» Exercise details
What you return should be the entries, unchanged, without their pictures.

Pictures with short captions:
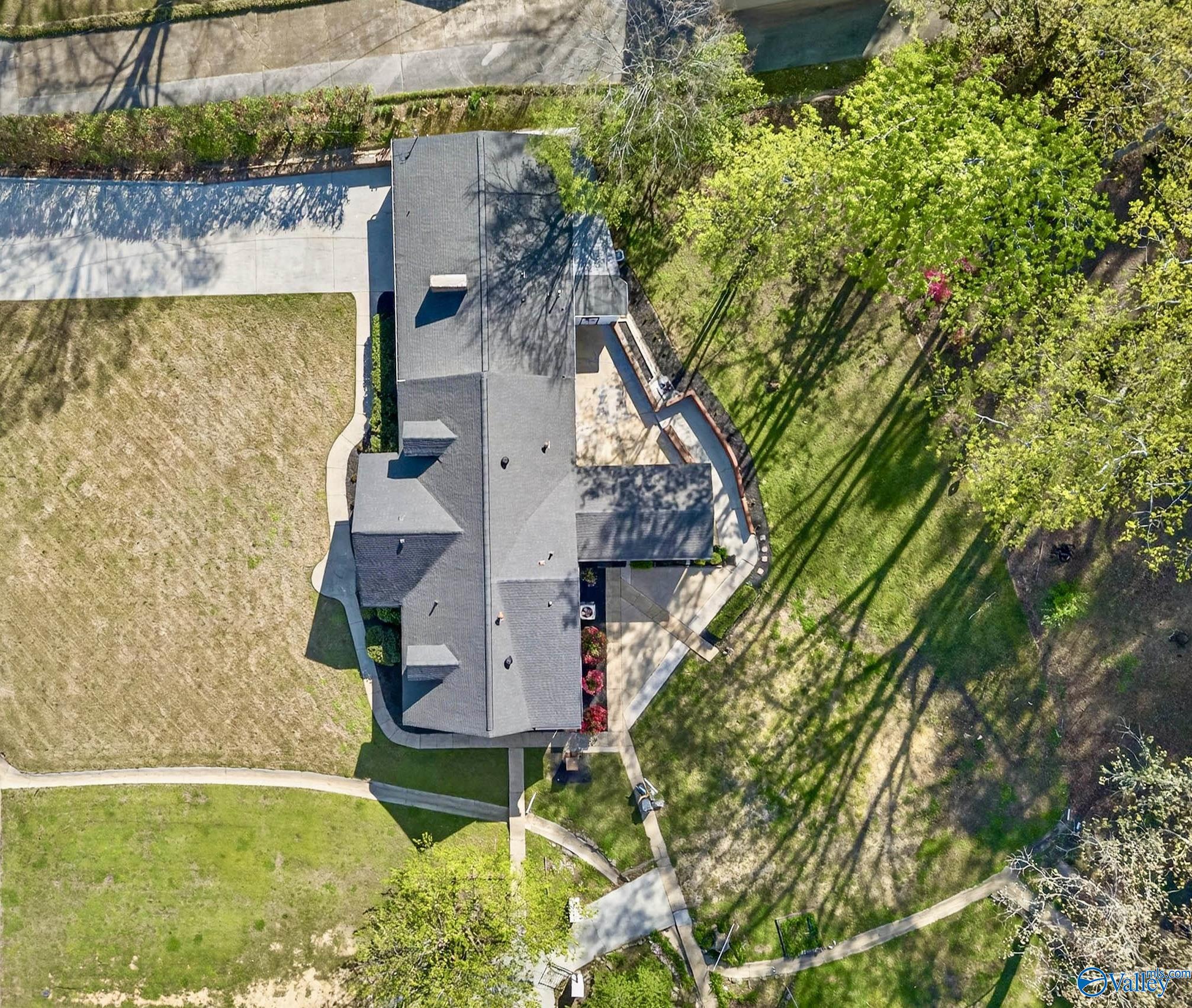 100 Norwood Drive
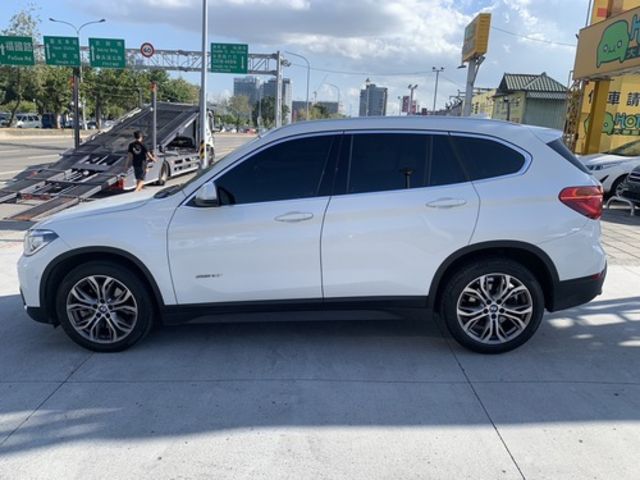 BMW寶馬 X1  第2張相片
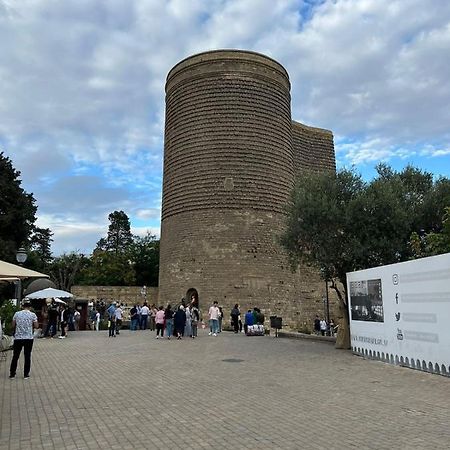 Hellobaku Apartment In Old City Bagian luar foto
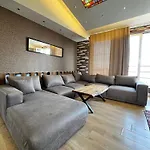 Se Group Corner Hotel *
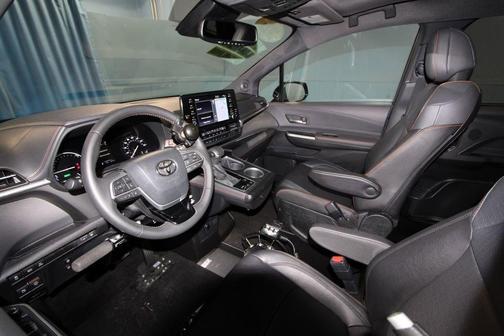 2023 Toyota Sienna XSE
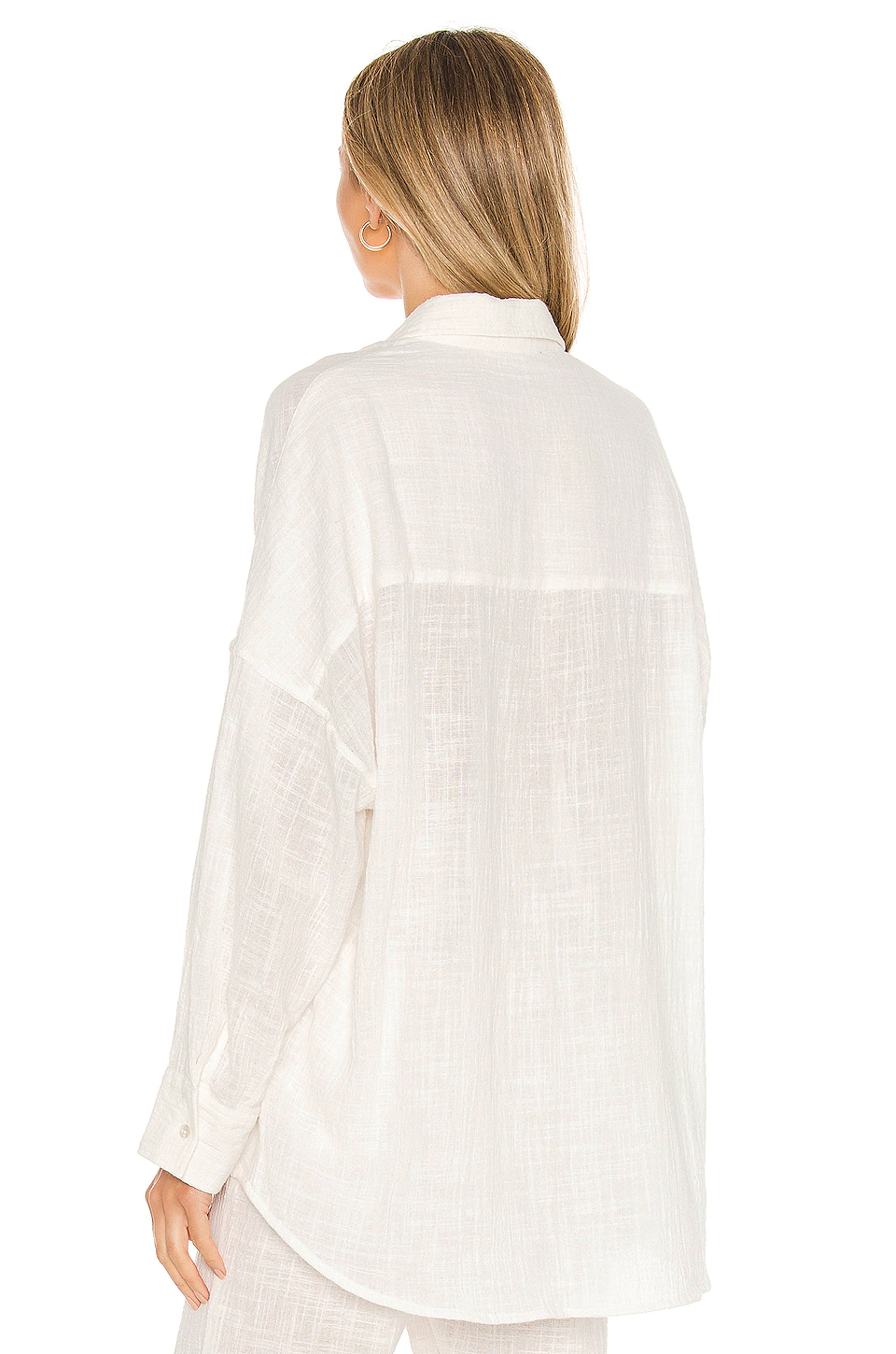 Brand new 𧨠Indah Como Oversize Button Up π Shirt In Ivory β¨ 4 Brand new 𧨠Indah Como Oversize Button Up π Shirt In Ivory β¨ - Image 4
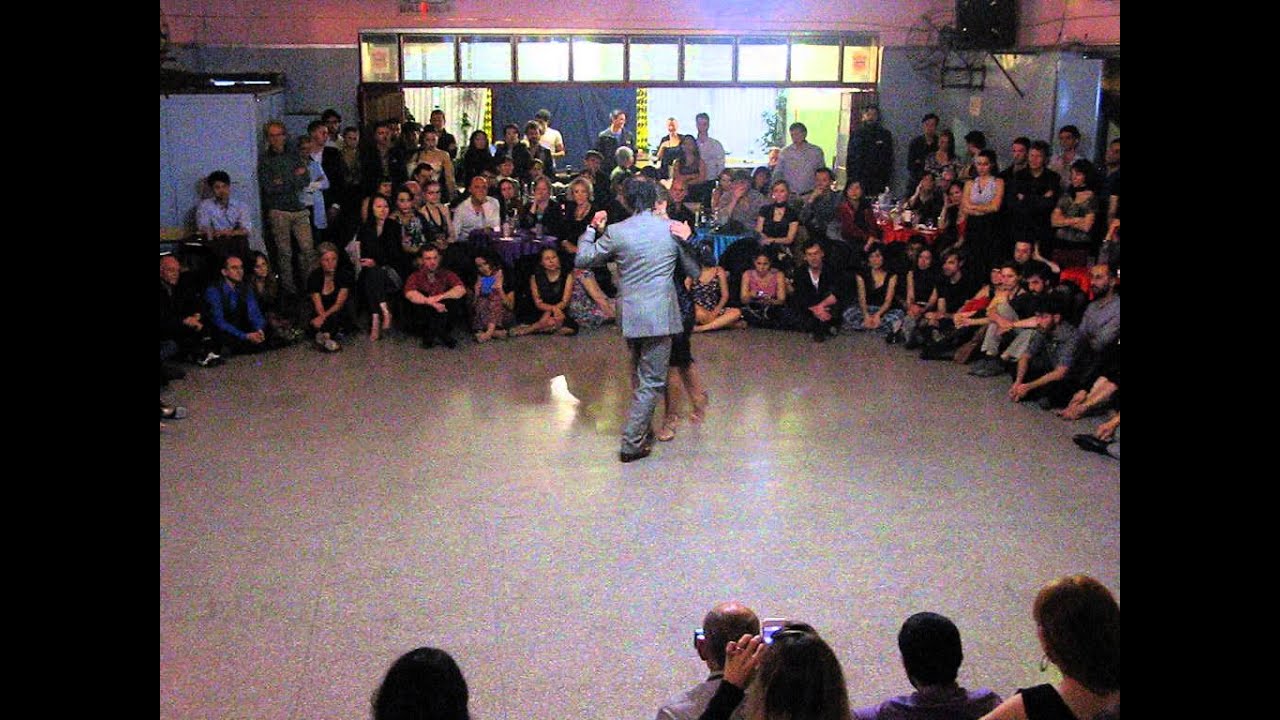 FABIAN PERALTA y JOSEFINA BERMUDEZ en Viva La Pepa Milonga (1/3)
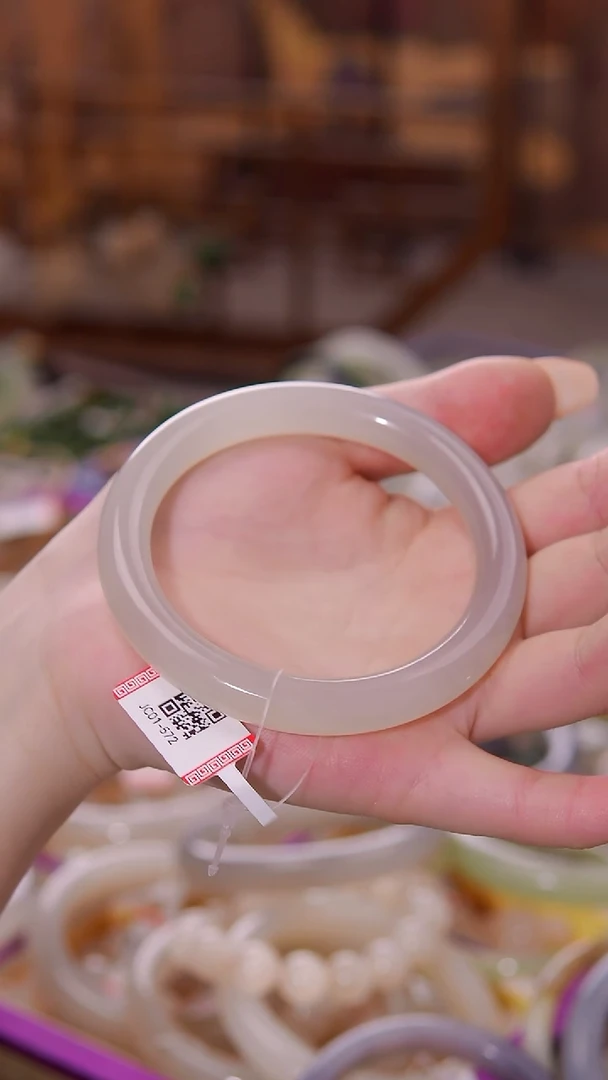 未镶嵌手镯和田玉手镯 59圈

» Answer for the task
 100 Norwood Drive
 BMW寶馬 X1  第2張相片
 Hellobaku Apartment In Old City Bagian luar foto
 Se Group Corner Hotel *
 2023 Toyota Sienna XSE
 Brand new 𧨠Indah Como Oversize Button Up π Shirt In Ivory β¨ 4 Brand new 𧨠Indah Como Oversize Button Up π Shirt In Ivory β¨ - Image 4
 FABIAN PERALTA y JOSEFINA BERMUDEZ en Viva La Pepa Milonga (1/3)
 未镶嵌手镯和田玉手镯 59圈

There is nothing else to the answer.